*Requirement:* Could you transcribe exactly the lines from the one containing "FAST FT52010, Подвеска, двигатель" through the end of the listing below, both included, but none of the pictures?

════════

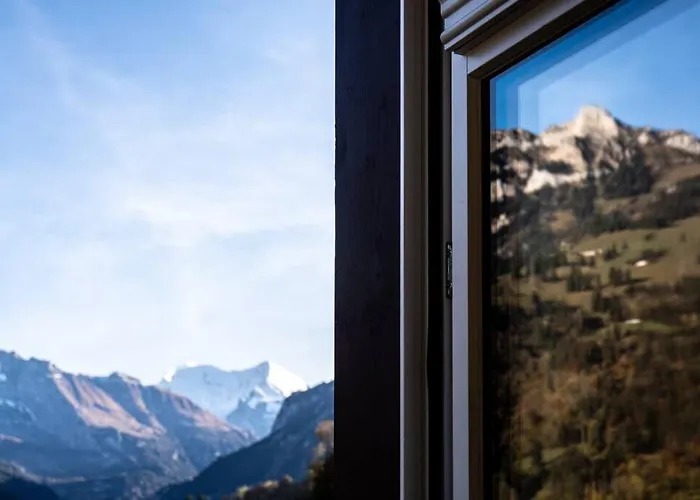 Apartman Hidden Retreats The Glacierdoor *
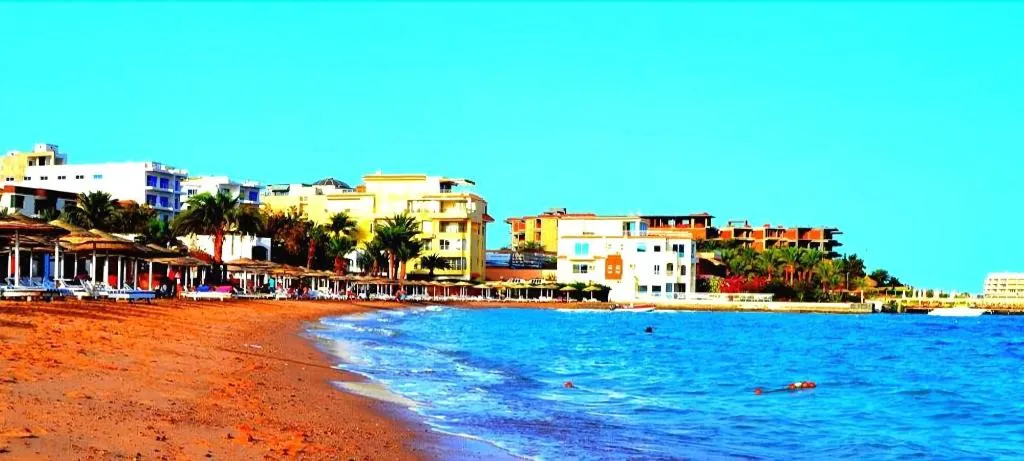 Beach, Elaria, Red Sea Riviera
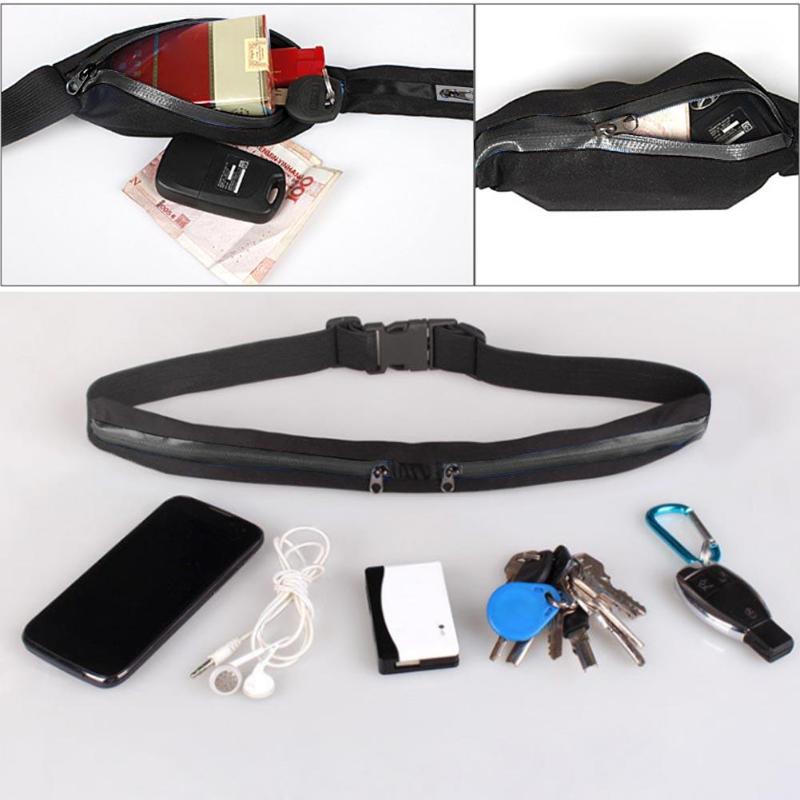 Waterproof-Sports-Bag-Running-Jogging-Waist-Bags-Pocket-Adjustable-Outdoor-Phone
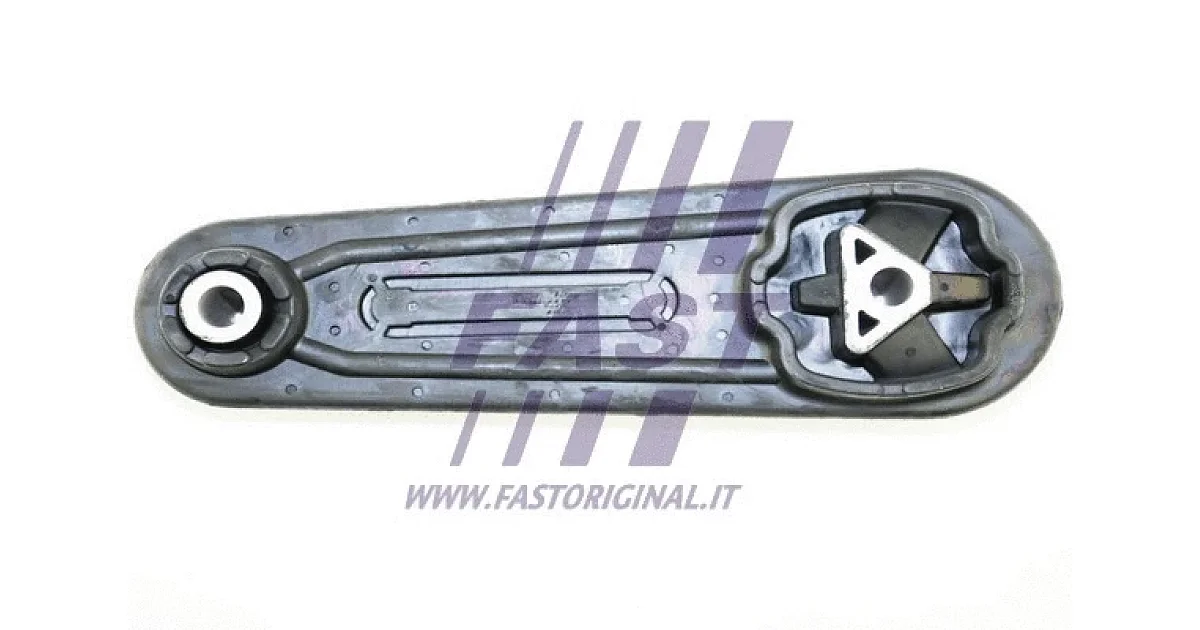 FAST FT52010, Подвеска, двигатель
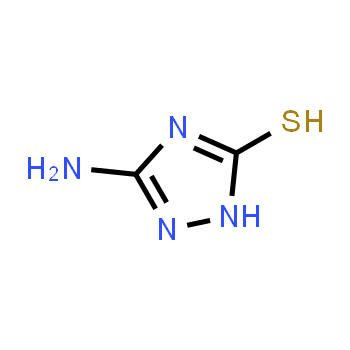 16691-43-3 | 3-Amino-5-mercapto-1,2,4-triazole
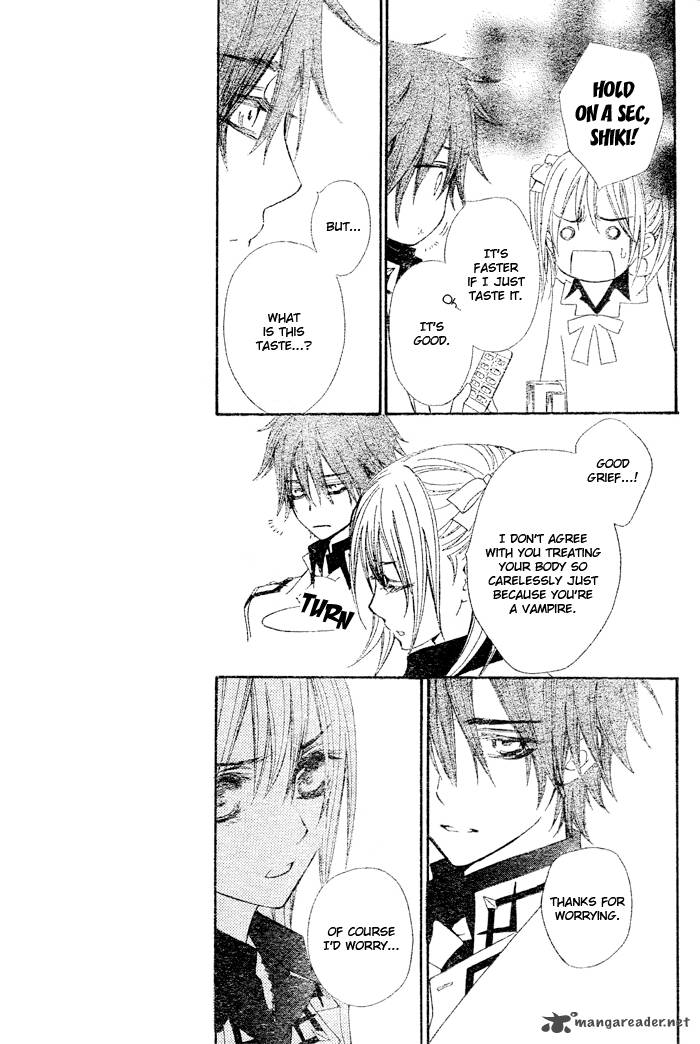 Vampire Knight 76 5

════════

*Your solution:*
 FAST FT52010, Подвеска, двигатель
 16691-43-3 | 3-Amino-5-mercapto-1,2,4-triazole
 Vampire Knight 76 5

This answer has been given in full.